FG Clarifies New Tax Laws, Says No Monitoring of Bank Transfer Descriptions

The Federal Government has moved to clarify concerns regarding new tax laws set to take effect from January 1, 2026, assuring citizens that authorities will not monitor or automatically debit personal bank accounts based on transfer descriptions.

The Chairman of the Presidential Committee on Fiscal Policy and Tax Reforms, Taiwo Oyedele, provided the reassurance during a televised end-of-year special. He emphasized that the reformed system operates on self-declaration.

“There is no tax authority in the world with the capacity to monitor every single person’s bank account,” Oyedele stated. “Any amount of money you transfer… it does not matter how you describe it. Nobody will debit your bank account. At the end of the year, you simply declare your income to the government yourself.”

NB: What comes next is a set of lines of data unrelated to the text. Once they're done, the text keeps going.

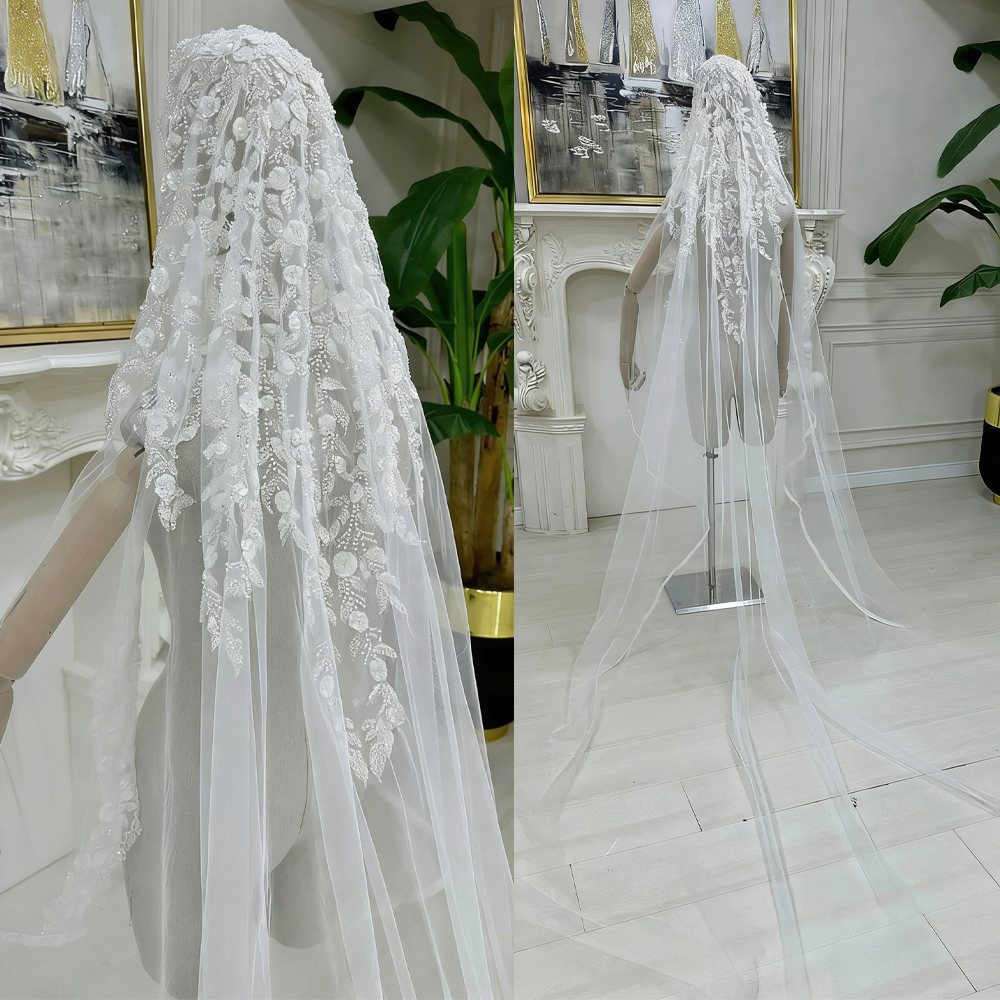 Modern Wedding Veil Appliques Sequins Flowers Bride Long Royal Bridal Veil with Comb For Women Customized Bridal Wedding Accessories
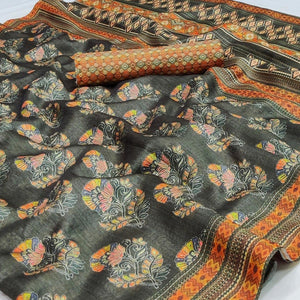 grey-floral-printed-pure-cotton-saree-145030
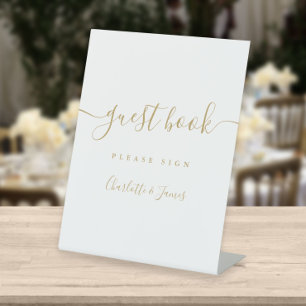 Elegant modern gouden handtekening script gast boe reclamebord met voetstuk
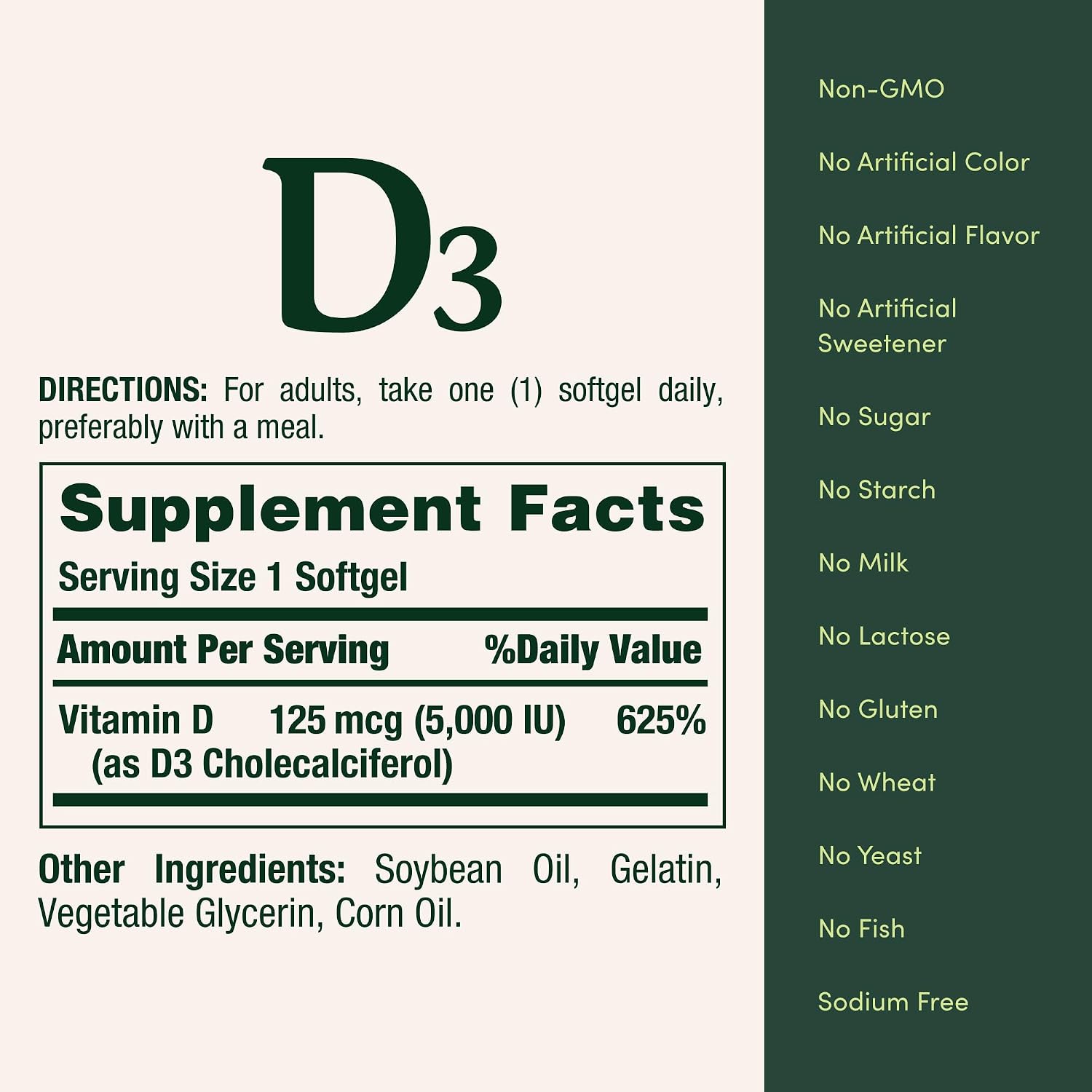 Nature's Bounty Vitamin D3 5000 IU Softgels, Rapid Release, Immune Support, 150 Count - görsel 5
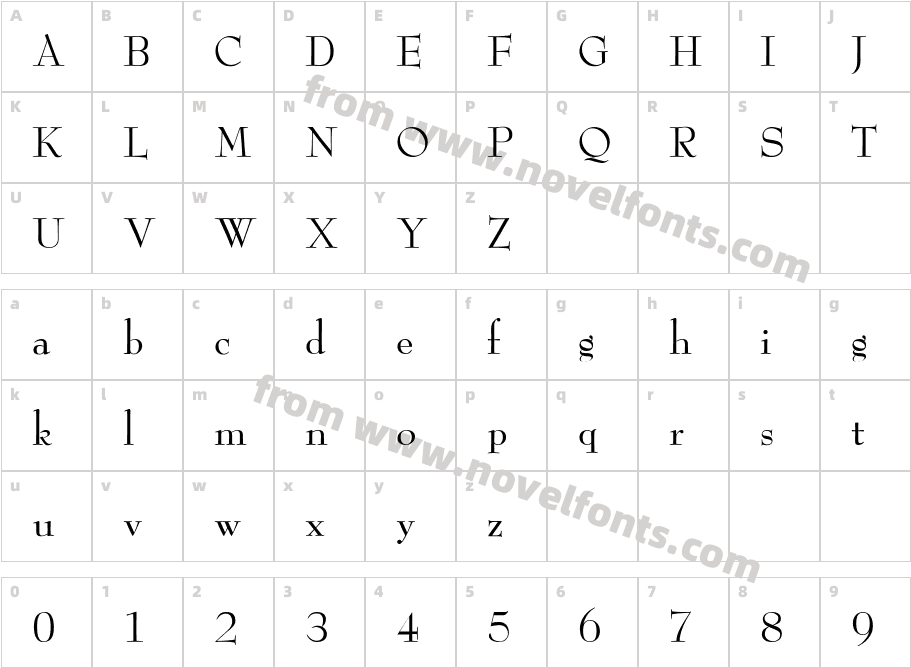 LeadFontCharacter Map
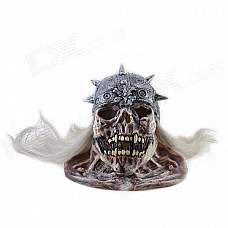 Long White Hair General Skeleton Wearing Helmet - White + Black + Red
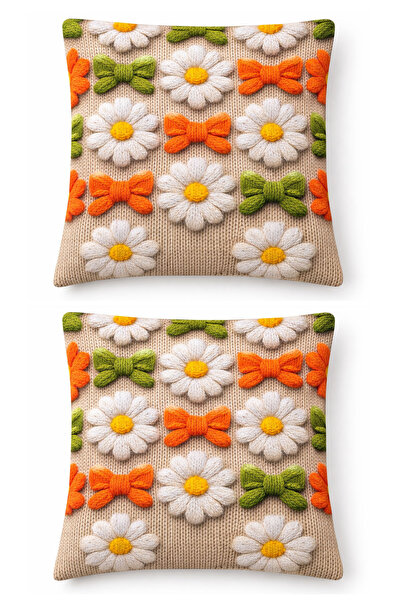 Bumedo Decorative Floral Patterned Cushion Cover 42X42 cm |   3D Digital Prin...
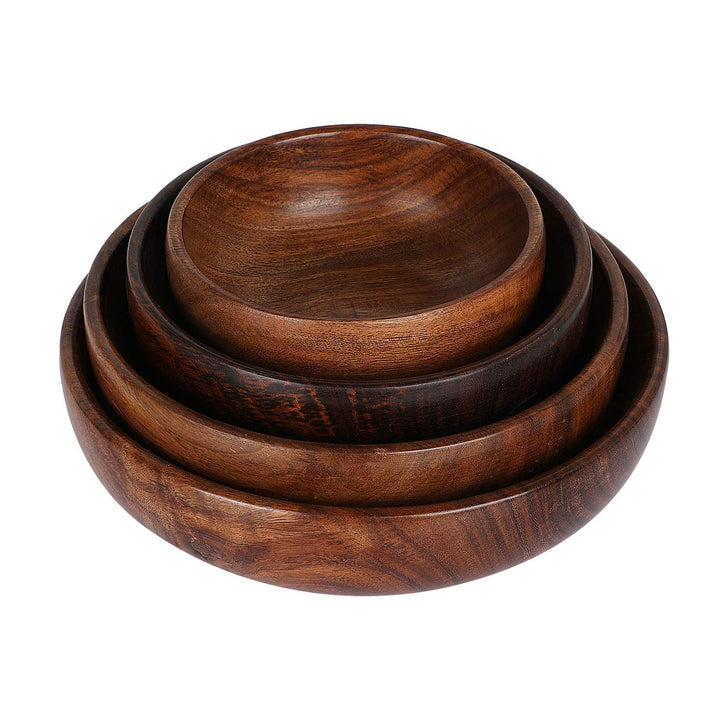 Naayaab Craft Sheesham Wood Classic Elegant Bowl, Multipurpose For Serving, Home & Kitchen Handcrafted (Brown) - Set Of 4, 1 ounce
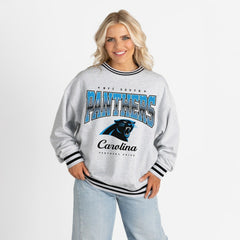 Gameday Couture Women's Oversized Gridiron Drive Ringer Stripe Sweatshirt - Carolina Panthers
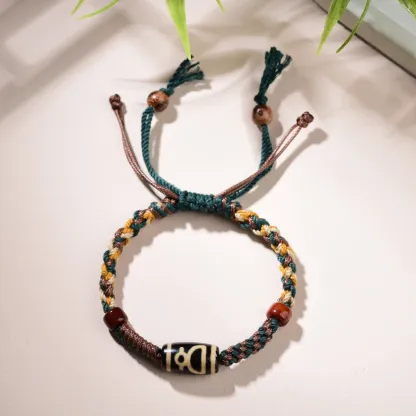 Tibetan-Style Agate Wealth Deity Dzi Bead Bracelet – Prosperity, Abundance & Spiritual Protection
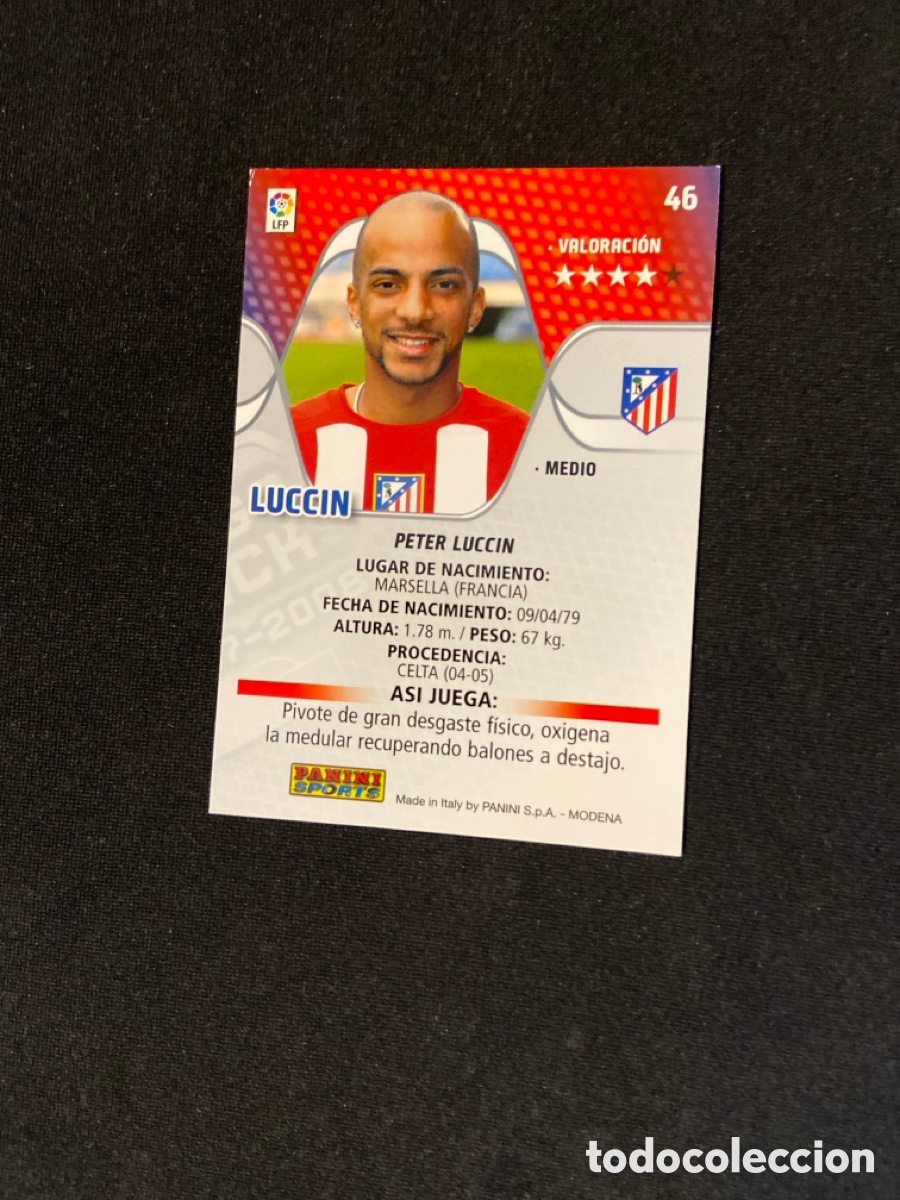 Cromos de f&uacute;tbol: LUCCIN 46 (ATL&Eacute;TICO MADRID) - Foto 2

Addressing Misinformation and Outlining Benefits

Oyedele attributed much of the public opposition to misinformation, suggesting some critics resist paying their fair share. He clarified that the reforms are designed to target higher earners while protecting low-income individuals.

The chairman also highlighted specific benefits for small businesses and sole proprietors, noting the new regime simplifies reporting and reduces the burden of multiple, unclear levies.

He concluded that the overarching goals of the reforms are to streamline tax administration, ensure fairness, and promote transparency, while safeguarding vulnerable earners and small enterprises.